Local Editorials

Our view: Old Firehouse Assistance Center in Woodstock an important resource

Old Firehouse Assistance Center guests Vik Berkeris (left) and Thomas Shaw are served lunch by volunteer and Centegra trauma registrar Gloria Kessler on April 13, 2017.[]

Thumbs-up: To the Woodstock City Council for approving an extension to the Old Firehouse Assistance Center’s lease. The center has been a one-stop shop for resources for the homeless since it opened in January 2016. It has moved more than 50 people out of homelessness and into permanent housing since it opened.
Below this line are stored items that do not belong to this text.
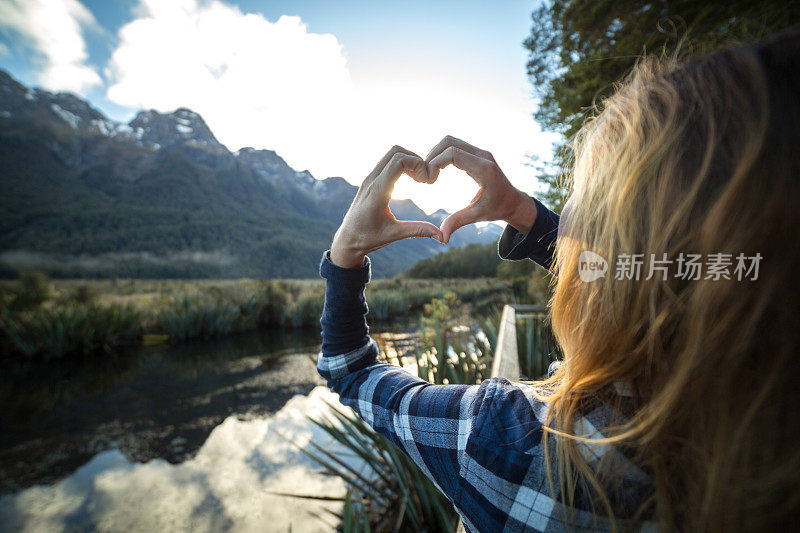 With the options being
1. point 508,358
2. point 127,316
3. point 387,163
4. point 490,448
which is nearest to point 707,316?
point 490,448

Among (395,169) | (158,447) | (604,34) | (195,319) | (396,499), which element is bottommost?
(158,447)

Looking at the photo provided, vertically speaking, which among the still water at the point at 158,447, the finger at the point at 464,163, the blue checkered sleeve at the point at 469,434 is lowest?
the still water at the point at 158,447

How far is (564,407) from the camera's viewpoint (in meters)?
0.44

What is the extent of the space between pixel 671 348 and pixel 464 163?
528 millimetres

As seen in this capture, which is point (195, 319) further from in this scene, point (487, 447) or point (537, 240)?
point (487, 447)

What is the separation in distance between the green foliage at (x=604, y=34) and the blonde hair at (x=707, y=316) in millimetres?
2565

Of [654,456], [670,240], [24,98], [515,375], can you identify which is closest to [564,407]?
[654,456]

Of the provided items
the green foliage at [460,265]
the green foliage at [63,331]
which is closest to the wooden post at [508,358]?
the green foliage at [63,331]

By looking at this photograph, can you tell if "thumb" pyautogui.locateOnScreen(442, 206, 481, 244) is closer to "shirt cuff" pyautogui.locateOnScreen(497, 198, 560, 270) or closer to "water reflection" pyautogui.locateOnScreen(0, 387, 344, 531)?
"shirt cuff" pyautogui.locateOnScreen(497, 198, 560, 270)

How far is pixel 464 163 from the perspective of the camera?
2.50 feet

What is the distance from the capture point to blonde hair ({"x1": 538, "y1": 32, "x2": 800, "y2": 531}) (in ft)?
1.19

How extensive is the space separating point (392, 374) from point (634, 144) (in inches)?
23.1

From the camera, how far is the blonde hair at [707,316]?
0.36 meters

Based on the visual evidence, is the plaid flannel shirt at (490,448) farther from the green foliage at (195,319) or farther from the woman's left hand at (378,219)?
the green foliage at (195,319) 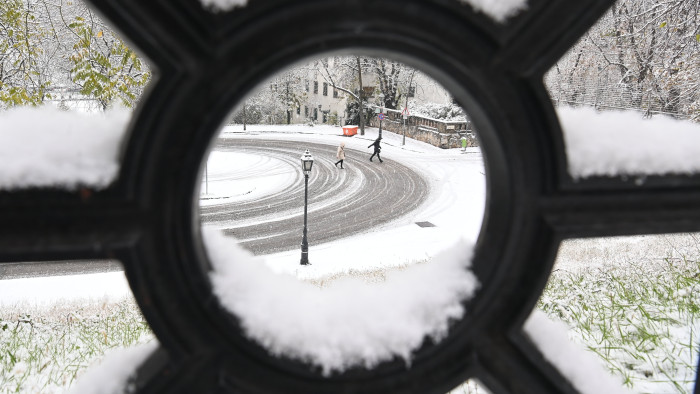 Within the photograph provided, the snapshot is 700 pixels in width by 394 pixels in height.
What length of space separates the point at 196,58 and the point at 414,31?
27cm

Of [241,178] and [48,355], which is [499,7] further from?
[241,178]

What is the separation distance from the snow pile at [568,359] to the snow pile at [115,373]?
25.7 inches

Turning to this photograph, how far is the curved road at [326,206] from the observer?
46.6 ft

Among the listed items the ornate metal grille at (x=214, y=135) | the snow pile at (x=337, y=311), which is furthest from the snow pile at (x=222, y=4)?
the snow pile at (x=337, y=311)

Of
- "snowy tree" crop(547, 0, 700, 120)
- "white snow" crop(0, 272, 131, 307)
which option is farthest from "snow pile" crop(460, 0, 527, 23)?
"white snow" crop(0, 272, 131, 307)

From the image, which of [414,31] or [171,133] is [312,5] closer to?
[414,31]

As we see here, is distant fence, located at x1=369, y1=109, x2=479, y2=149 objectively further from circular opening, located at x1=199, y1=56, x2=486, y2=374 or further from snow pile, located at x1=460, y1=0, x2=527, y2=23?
snow pile, located at x1=460, y1=0, x2=527, y2=23

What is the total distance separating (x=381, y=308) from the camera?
85cm

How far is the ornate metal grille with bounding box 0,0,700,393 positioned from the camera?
624 millimetres

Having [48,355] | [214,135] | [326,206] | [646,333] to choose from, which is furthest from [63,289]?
[214,135]

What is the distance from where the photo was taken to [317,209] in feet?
54.5

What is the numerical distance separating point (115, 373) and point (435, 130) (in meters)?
26.0

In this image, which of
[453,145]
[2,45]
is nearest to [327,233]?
[2,45]

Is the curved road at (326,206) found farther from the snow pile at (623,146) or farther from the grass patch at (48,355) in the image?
the snow pile at (623,146) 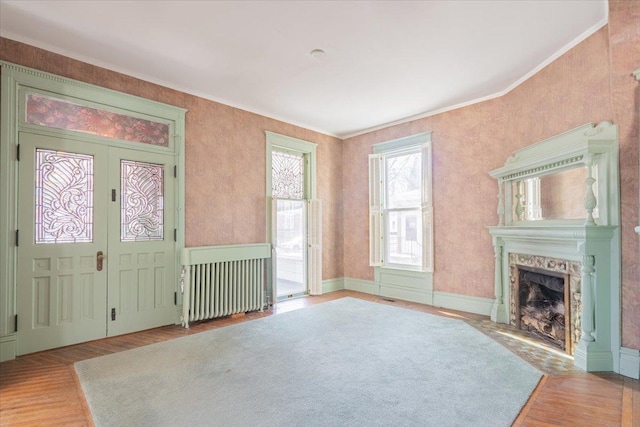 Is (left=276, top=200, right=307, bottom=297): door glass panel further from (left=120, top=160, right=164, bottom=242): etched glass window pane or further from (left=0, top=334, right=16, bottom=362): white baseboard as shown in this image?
(left=0, top=334, right=16, bottom=362): white baseboard

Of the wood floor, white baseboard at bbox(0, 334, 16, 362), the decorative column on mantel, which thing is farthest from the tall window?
white baseboard at bbox(0, 334, 16, 362)

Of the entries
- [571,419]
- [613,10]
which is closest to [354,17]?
[613,10]

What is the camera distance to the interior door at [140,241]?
368 cm

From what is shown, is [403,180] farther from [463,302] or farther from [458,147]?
[463,302]

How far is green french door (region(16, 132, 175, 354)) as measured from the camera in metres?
3.16

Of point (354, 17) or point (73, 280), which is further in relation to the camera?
point (73, 280)

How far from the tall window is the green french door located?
343cm

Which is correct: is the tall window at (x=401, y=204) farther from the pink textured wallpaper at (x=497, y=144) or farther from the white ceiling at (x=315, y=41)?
the white ceiling at (x=315, y=41)

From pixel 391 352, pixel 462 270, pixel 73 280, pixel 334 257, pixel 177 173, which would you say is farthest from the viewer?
pixel 334 257

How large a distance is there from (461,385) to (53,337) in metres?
3.89

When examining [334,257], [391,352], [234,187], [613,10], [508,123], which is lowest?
[391,352]

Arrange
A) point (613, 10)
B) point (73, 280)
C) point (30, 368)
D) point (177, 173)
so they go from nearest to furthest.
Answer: point (613, 10) < point (30, 368) < point (73, 280) < point (177, 173)

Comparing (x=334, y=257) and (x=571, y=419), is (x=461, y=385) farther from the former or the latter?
(x=334, y=257)

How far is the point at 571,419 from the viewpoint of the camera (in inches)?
82.7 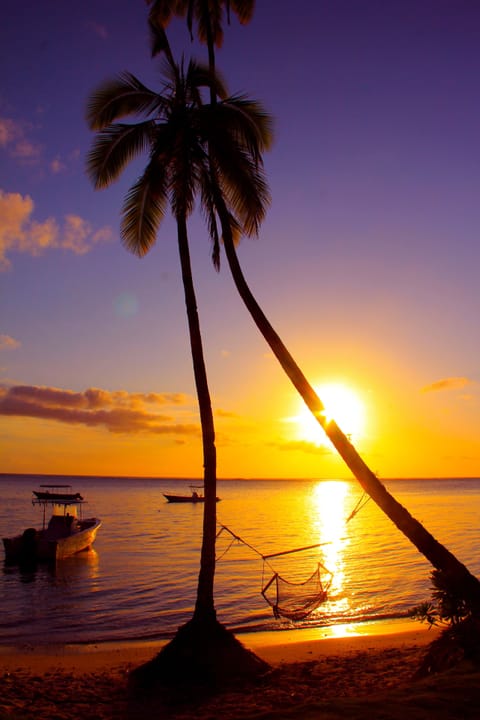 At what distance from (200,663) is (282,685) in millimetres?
1585

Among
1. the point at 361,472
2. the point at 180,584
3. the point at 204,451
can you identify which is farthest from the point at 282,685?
the point at 180,584

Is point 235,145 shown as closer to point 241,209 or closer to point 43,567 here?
point 241,209

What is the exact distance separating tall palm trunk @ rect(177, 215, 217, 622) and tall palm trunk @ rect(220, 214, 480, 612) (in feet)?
3.38

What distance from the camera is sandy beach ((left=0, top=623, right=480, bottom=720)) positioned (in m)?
6.10

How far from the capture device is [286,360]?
11.2 metres

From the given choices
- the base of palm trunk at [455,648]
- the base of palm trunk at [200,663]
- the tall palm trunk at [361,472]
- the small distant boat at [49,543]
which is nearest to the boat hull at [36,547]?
the small distant boat at [49,543]

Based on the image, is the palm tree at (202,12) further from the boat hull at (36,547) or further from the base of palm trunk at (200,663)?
the boat hull at (36,547)

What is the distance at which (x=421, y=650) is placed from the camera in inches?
516

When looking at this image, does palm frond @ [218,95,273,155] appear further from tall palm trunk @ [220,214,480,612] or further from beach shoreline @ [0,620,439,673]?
beach shoreline @ [0,620,439,673]

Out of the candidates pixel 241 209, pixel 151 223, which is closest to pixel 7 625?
pixel 151 223

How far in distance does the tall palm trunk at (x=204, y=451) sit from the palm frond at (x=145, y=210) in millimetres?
815

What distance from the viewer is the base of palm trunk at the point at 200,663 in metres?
10.4

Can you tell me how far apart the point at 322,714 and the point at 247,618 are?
14936 millimetres

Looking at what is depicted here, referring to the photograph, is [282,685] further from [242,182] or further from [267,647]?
[242,182] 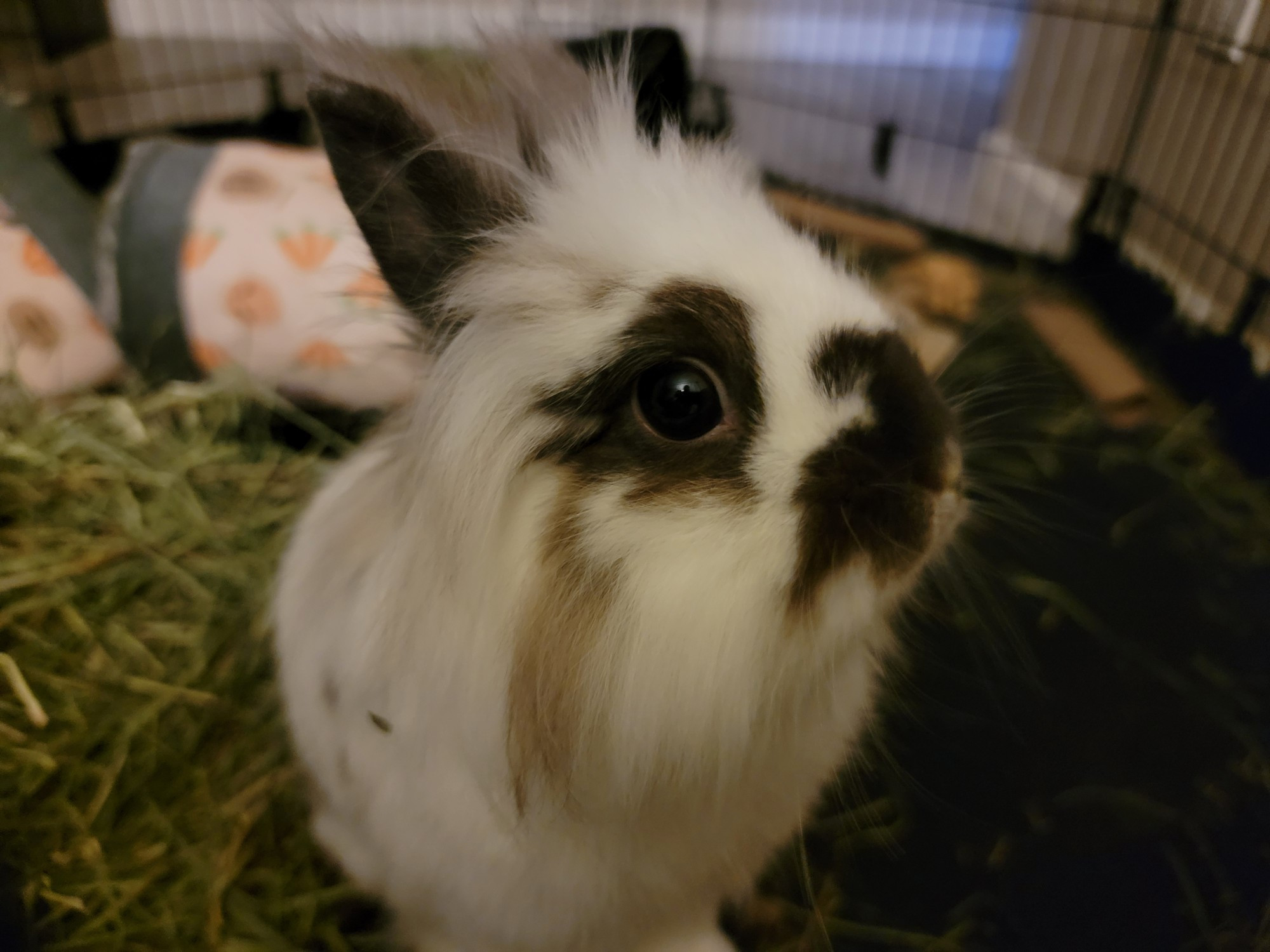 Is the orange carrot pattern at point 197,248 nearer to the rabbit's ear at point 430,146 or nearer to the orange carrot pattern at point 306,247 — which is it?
the orange carrot pattern at point 306,247

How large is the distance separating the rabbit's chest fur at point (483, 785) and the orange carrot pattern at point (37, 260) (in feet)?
3.50

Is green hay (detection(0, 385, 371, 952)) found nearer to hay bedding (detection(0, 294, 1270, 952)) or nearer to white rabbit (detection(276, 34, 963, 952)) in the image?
hay bedding (detection(0, 294, 1270, 952))

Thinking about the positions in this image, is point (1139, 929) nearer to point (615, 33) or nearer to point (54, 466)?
point (615, 33)

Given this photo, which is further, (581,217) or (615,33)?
(615,33)

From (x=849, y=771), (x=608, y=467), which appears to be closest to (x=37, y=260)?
(x=608, y=467)

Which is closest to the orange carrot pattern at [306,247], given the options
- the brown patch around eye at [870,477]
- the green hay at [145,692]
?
the green hay at [145,692]

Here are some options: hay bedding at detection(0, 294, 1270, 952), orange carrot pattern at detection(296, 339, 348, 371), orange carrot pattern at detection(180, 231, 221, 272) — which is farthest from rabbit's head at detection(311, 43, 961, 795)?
orange carrot pattern at detection(180, 231, 221, 272)

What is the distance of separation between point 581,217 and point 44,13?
85.9 inches

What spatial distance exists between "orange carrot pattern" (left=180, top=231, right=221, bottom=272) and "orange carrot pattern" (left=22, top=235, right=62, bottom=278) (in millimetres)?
228

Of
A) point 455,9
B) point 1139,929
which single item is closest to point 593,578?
point 1139,929

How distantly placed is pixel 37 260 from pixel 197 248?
0.28m

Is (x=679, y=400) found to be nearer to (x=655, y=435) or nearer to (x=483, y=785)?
(x=655, y=435)

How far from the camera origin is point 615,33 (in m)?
0.91

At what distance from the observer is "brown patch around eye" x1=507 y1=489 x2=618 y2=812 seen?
635 mm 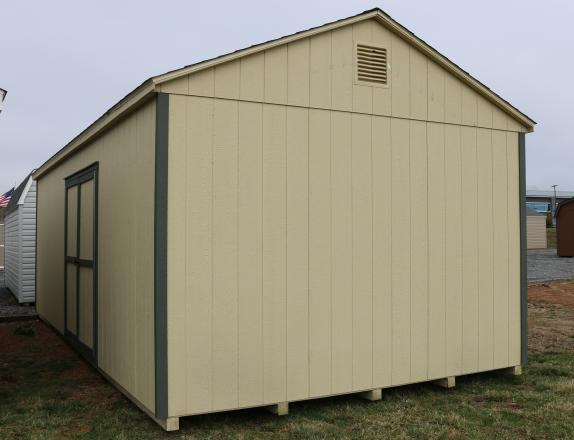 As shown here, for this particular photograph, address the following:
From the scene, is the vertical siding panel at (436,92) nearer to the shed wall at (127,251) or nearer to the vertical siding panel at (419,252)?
the vertical siding panel at (419,252)

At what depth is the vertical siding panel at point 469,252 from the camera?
5.96 meters

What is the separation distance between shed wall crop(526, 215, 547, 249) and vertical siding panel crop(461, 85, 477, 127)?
31.3 m

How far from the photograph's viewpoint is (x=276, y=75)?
5035mm

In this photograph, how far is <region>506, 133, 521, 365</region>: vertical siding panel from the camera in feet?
20.6

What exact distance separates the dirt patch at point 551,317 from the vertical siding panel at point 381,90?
4.09 metres

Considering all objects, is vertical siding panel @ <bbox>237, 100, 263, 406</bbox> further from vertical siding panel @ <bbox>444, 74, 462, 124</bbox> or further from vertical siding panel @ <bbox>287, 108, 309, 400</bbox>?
vertical siding panel @ <bbox>444, 74, 462, 124</bbox>

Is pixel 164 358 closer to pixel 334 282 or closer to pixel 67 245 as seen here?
pixel 334 282

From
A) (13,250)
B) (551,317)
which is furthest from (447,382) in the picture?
(13,250)

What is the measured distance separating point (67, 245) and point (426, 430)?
5612 millimetres

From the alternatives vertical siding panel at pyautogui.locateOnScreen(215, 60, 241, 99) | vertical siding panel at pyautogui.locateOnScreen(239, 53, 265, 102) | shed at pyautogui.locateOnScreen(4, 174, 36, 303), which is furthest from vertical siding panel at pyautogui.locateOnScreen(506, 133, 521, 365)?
shed at pyautogui.locateOnScreen(4, 174, 36, 303)

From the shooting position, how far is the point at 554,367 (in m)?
6.73

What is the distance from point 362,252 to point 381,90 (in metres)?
1.46

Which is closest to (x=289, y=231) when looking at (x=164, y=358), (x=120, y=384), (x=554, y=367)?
(x=164, y=358)

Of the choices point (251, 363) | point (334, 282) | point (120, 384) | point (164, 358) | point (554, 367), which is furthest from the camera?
point (554, 367) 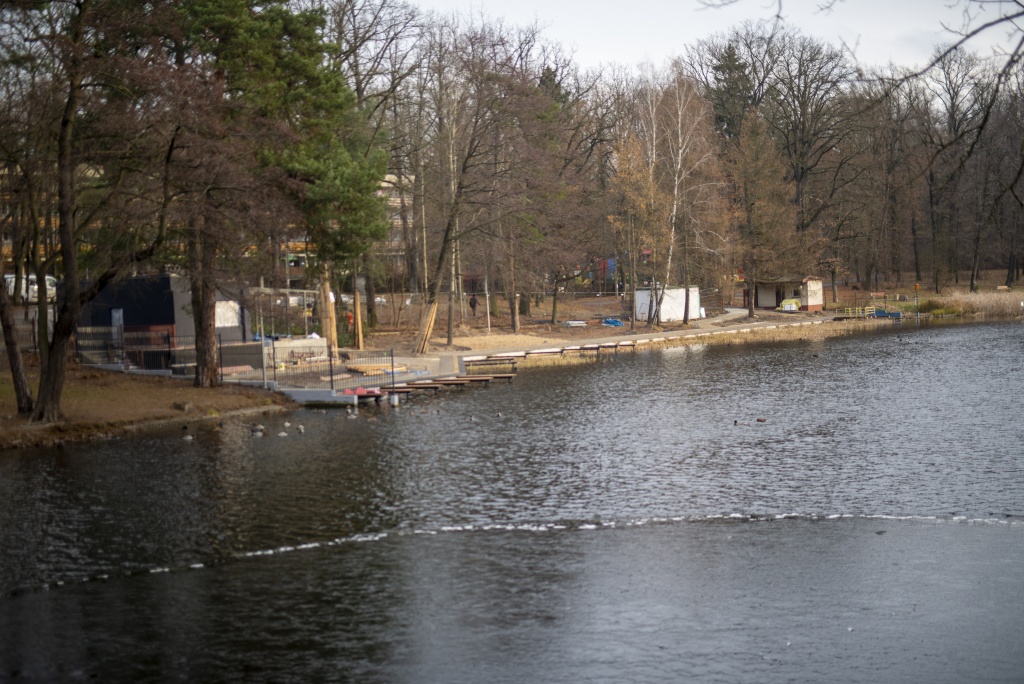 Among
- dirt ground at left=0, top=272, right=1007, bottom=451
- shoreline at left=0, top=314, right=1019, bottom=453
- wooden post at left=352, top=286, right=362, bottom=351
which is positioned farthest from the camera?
wooden post at left=352, top=286, right=362, bottom=351

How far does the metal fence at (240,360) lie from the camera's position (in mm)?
35625

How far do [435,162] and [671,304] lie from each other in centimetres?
1916

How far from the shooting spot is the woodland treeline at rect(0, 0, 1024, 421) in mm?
26094

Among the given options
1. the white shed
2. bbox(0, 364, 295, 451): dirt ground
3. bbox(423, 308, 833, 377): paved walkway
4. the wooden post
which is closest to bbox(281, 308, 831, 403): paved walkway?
bbox(423, 308, 833, 377): paved walkway

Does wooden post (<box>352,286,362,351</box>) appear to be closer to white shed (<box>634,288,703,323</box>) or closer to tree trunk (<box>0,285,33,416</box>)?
tree trunk (<box>0,285,33,416</box>)

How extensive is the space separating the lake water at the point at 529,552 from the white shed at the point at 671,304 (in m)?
39.0

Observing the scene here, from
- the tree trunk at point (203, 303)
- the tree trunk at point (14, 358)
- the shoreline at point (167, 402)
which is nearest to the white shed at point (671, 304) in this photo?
the shoreline at point (167, 402)

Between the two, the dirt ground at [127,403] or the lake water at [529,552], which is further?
the dirt ground at [127,403]

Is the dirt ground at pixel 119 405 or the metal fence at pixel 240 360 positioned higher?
the metal fence at pixel 240 360

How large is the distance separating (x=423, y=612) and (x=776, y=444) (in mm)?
13430

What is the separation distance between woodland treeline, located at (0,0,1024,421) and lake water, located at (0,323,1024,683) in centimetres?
485

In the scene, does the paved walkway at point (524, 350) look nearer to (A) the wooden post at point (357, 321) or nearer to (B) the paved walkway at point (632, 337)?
(B) the paved walkway at point (632, 337)

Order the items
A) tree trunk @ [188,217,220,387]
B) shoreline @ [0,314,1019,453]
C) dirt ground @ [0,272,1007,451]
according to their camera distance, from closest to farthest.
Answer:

Although we don’t see this as a permanent solution to homelessness in the community, if it can get 50 more people out of homelessness in the next year, we think that’s a good thing.

Thumbs-down: To golf ball-sized hail that hit northern McHenry County on Wednesday night. The storm left behind damaged siding, screens and roofs in its wake. Richmond Fire Chief Rick Gallas said he hadn’t seen anything like it in 65 years. Wednesday also was the first time Richmond used its new sirens to warn of an emergency situation. As more storms come our way, we hope residents heed Gallas’ warning and go inside, close their windows and bring their pets inside if they hear the alarm.

Thumbs-up: To Community High School District 155’s first lacrosse games being played on school campuses. The club teams will be joining IHSA competition next school year, and the four schools – Crystal Lake South, Crystal Lake Central, Prairie Ridge and Cary-Grove – also will make the move to on-campus games more regularly. Of course, thunderstorms postponed Wednesday’s first attempt, but Prairie Ridge and Cary-Grove got their match in Thursday, and Crystal Lake Central and Crystal Lake South rescheduled for this coming week. Lacrosse is a growing sport, and we’re excited to see our local schools embrace the game.

Thumbs-down: To another midair scare for Southwest Airlines passengers. On Wednesday, a Southwest flight from Chicago to Newark, New Jersey, had to make an emergency landing in Cleveland after a window on the plane cracked, alarming the 76 passengers aboard.

One of those on the airplane was Rich Robinson of Sandwich, who described how startled passengers cleared out of two rows near the cracked window. The incident occurred only two weeks after a passenger on a Southwest Boeing 737 plane died after being sucked out of a window that was broken by debris from a failed engine.

We’re grateful no one was hurt, and expect Southwest will take necessary measures to ensure the safety of passengers.